WORK TASK - Please copy out every line in the records below that includes the word "Peugeot".
▬▬▬▬▬▬▬▬▬▬
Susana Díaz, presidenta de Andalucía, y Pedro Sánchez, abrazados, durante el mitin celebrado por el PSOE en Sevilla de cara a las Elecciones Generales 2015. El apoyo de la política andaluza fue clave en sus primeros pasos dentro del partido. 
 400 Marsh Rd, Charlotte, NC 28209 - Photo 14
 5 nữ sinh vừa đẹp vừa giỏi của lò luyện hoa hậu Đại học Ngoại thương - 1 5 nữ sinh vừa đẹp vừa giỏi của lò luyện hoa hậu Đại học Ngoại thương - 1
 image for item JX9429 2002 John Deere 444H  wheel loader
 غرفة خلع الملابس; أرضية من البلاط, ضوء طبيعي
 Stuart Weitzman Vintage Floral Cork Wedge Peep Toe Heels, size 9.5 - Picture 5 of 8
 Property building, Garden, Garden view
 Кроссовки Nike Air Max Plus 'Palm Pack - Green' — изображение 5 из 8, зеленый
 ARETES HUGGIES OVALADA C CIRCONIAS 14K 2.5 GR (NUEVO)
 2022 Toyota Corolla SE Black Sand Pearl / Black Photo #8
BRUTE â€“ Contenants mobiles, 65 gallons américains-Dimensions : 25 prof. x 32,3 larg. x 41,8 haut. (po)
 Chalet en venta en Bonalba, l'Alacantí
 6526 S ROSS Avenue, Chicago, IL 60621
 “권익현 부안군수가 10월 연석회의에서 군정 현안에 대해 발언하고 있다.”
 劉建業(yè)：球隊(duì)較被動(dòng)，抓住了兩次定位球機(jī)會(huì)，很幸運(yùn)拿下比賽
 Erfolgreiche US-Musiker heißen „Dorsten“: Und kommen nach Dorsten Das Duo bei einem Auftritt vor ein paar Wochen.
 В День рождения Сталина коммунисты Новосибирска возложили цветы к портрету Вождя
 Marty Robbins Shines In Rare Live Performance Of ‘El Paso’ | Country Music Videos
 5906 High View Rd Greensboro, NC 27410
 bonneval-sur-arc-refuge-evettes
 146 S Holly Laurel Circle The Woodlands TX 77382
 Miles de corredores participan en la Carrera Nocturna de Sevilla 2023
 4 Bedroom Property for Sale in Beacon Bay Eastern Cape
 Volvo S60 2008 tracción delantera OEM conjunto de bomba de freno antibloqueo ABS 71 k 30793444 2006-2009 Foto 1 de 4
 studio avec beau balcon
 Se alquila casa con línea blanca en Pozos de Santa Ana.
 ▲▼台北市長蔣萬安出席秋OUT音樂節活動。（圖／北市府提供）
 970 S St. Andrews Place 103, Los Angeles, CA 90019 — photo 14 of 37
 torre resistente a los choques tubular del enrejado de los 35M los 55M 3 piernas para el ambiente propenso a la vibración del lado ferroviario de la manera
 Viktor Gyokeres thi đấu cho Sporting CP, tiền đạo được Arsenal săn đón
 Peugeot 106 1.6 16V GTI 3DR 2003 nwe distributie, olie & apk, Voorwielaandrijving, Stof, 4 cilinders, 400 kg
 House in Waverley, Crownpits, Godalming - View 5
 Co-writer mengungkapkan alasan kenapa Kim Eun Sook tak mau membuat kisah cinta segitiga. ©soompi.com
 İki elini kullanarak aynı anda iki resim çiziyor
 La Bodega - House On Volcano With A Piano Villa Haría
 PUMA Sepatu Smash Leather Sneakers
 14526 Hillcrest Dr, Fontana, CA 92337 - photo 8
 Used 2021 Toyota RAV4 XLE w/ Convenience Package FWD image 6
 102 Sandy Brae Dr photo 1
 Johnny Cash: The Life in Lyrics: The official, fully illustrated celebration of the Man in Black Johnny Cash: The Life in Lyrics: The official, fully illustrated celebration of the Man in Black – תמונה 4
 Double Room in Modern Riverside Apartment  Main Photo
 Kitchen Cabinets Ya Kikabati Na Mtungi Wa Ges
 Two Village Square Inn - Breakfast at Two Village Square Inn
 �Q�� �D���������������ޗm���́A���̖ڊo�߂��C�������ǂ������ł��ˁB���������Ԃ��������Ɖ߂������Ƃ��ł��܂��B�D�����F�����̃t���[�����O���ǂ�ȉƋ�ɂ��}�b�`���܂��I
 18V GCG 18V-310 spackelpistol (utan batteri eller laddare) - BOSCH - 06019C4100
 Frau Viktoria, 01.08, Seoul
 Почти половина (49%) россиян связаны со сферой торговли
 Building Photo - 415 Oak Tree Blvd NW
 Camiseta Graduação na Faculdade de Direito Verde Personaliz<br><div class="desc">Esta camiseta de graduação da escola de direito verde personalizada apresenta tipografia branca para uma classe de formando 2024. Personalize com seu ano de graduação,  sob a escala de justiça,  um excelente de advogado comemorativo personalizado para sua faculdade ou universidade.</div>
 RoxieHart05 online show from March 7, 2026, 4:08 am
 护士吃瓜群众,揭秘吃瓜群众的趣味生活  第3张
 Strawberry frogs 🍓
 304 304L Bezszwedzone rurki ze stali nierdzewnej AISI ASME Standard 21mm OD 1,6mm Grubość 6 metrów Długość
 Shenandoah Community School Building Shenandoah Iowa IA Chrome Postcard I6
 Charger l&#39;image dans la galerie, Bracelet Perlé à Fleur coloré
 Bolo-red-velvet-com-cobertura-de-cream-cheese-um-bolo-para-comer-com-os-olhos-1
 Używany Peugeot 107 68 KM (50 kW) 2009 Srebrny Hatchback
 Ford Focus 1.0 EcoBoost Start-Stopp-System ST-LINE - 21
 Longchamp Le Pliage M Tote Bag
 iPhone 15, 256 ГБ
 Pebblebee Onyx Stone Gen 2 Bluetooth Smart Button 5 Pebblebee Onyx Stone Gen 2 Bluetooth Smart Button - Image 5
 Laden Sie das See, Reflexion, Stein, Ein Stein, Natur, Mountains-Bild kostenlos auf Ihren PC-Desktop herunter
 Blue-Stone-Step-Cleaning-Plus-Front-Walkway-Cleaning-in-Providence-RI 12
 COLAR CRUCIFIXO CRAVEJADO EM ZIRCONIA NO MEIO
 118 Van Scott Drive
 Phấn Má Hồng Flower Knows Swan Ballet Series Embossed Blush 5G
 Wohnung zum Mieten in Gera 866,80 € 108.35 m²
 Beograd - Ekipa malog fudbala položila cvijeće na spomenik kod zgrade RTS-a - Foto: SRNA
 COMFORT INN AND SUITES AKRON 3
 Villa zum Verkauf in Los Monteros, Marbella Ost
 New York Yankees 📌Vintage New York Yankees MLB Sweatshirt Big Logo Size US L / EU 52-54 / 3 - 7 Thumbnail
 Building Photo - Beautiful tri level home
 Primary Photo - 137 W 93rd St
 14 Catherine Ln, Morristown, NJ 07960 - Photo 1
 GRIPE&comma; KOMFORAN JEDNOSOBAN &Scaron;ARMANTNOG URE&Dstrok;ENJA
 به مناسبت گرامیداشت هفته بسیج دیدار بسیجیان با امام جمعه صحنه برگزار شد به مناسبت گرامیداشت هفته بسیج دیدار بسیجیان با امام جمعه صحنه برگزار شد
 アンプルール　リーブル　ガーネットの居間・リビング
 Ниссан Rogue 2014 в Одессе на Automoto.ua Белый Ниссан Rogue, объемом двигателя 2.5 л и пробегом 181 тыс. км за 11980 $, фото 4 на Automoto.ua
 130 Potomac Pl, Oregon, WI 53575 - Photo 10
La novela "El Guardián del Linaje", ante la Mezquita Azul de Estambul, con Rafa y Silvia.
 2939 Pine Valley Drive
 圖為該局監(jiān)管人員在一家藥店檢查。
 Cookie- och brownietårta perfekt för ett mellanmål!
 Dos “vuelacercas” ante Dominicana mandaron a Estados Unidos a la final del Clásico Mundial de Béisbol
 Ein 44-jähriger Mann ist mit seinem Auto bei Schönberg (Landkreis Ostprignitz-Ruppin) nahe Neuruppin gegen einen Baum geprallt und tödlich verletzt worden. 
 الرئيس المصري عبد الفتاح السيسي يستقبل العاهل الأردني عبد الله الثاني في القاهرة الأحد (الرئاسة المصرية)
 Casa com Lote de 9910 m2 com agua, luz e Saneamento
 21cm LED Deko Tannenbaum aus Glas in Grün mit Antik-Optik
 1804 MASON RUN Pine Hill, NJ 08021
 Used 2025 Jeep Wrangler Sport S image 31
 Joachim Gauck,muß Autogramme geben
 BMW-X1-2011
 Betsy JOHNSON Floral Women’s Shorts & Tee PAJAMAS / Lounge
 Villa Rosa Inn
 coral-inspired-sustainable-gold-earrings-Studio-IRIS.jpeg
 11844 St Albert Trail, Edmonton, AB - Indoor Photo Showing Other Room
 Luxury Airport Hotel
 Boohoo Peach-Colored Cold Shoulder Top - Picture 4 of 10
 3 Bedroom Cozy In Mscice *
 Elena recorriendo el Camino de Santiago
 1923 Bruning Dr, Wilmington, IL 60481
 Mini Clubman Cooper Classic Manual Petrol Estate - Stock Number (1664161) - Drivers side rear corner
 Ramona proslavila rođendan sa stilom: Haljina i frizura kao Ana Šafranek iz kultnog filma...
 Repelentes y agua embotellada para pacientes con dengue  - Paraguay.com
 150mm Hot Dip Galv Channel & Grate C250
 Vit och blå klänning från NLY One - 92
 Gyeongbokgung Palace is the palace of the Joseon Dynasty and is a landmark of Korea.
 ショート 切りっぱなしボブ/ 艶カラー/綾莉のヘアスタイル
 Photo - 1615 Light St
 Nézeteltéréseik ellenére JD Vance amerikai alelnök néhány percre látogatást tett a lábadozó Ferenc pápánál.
▬▬▬▬▬▬▬▬▬▬
RESPONSE TO THE EXERCISE -
 Peugeot 106 1.6 16V GTI 3DR 2003 nwe distributie, olie & apk, Voorwielaandrijving, Stof, 4 cilinders, 400 kg
 Używany Peugeot 107 68 KM (50 kW) 2009 Srebrny Hatchback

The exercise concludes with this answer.